ABOUT THIS EXERCISE –
Within the material below, transcribe exactly the lines from the one holding "a kitchen with" through the one holding "Op de afbeelding: Een", keeping both ends and skipping the rest.

SOURCE DATA –
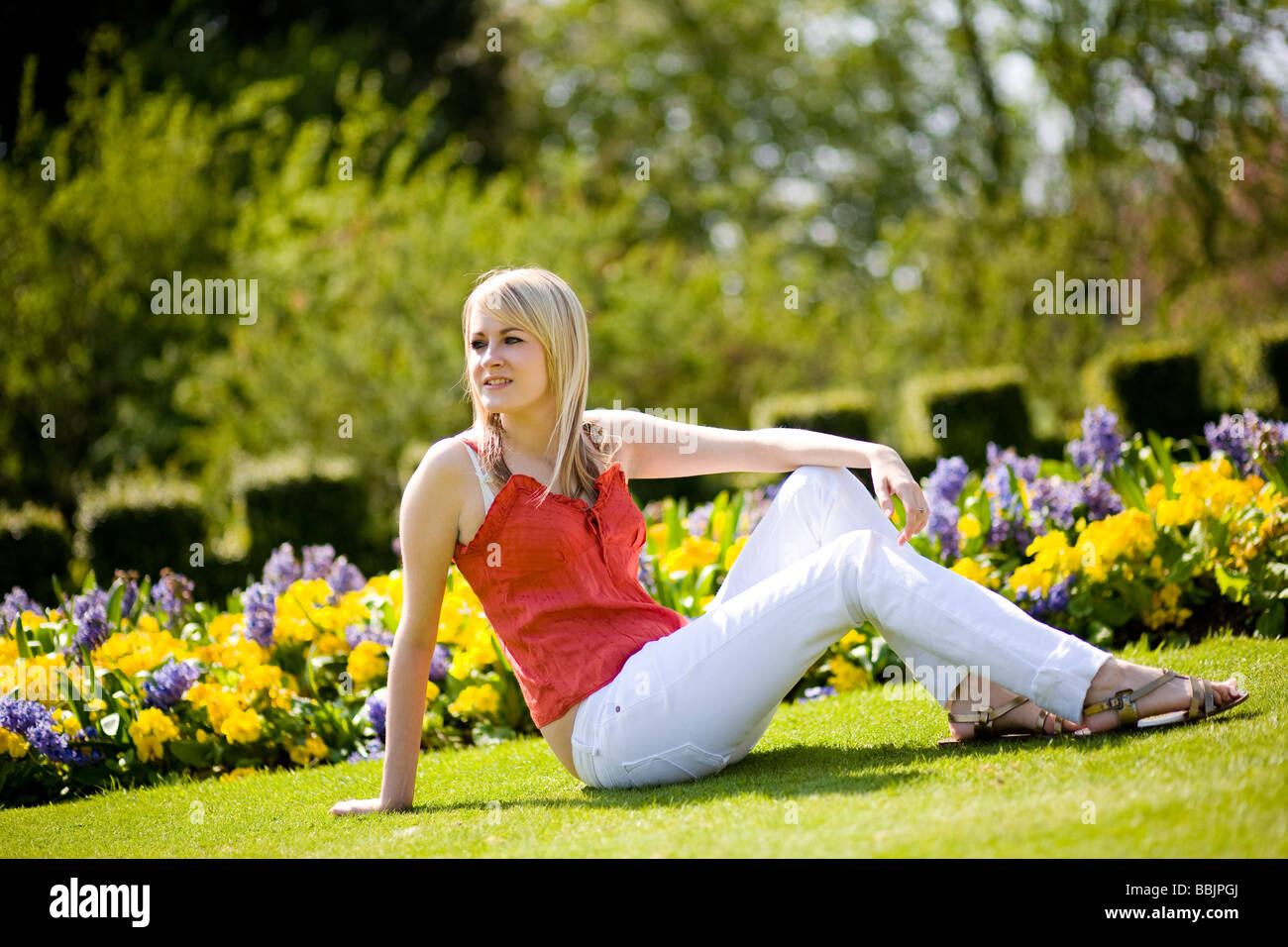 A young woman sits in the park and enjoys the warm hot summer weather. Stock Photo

...

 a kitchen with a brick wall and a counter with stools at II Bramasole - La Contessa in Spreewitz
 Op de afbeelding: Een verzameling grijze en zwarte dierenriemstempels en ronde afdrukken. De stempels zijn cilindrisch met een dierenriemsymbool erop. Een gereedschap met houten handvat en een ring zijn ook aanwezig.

--

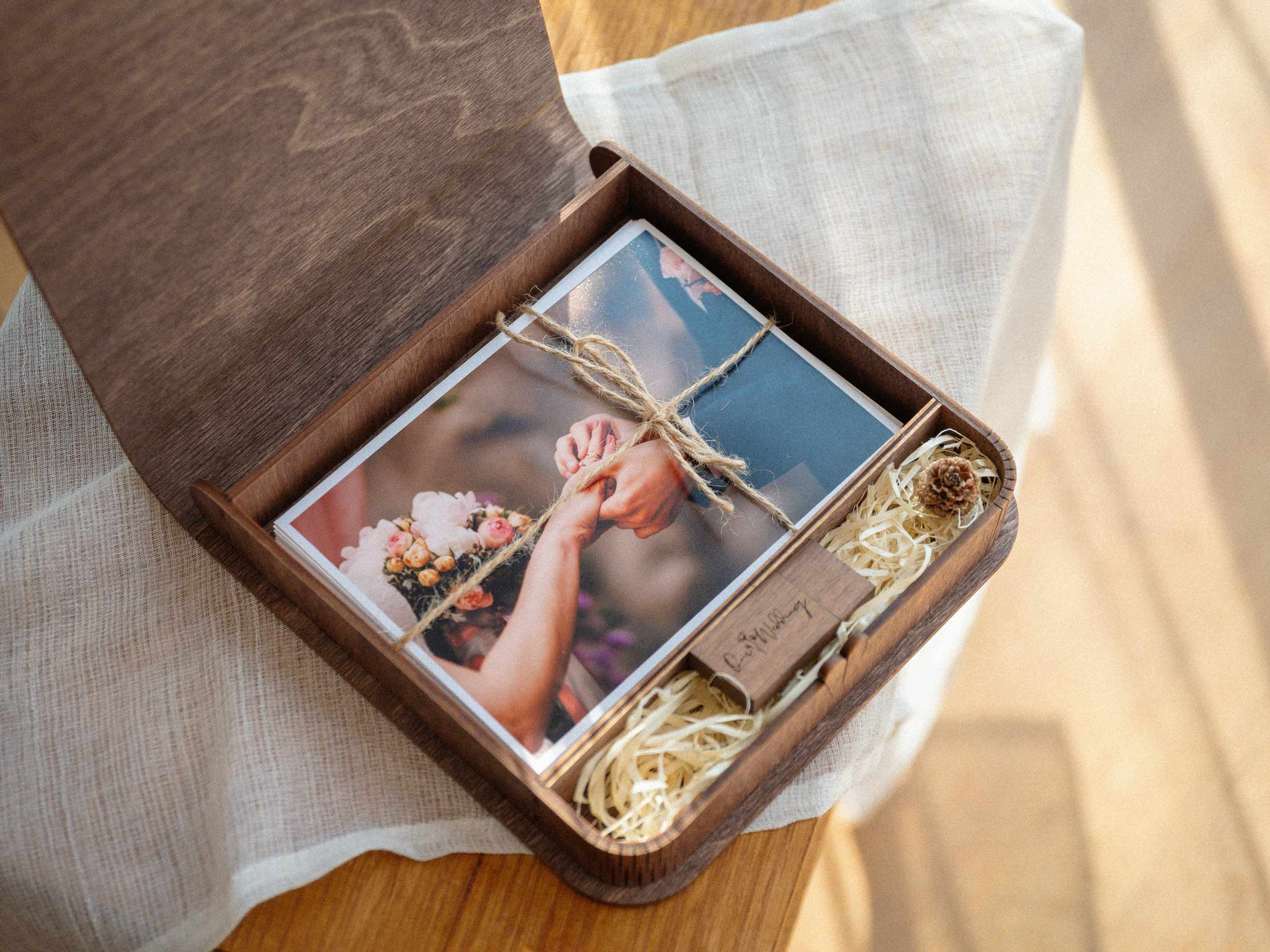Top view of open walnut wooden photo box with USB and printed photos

SOLUTION –
 a kitchen with a brick wall and a counter with stools at II Bramasole - La Contessa in Spreewitz
 Op de afbeelding: Een verzameling grijze en zwarte dierenriemstempels en ronde afdrukken. De stempels zijn cilindrisch met een dierenriemsymbool erop. Een gereedschap met houten handvat en een ring zijn ook aanwezig.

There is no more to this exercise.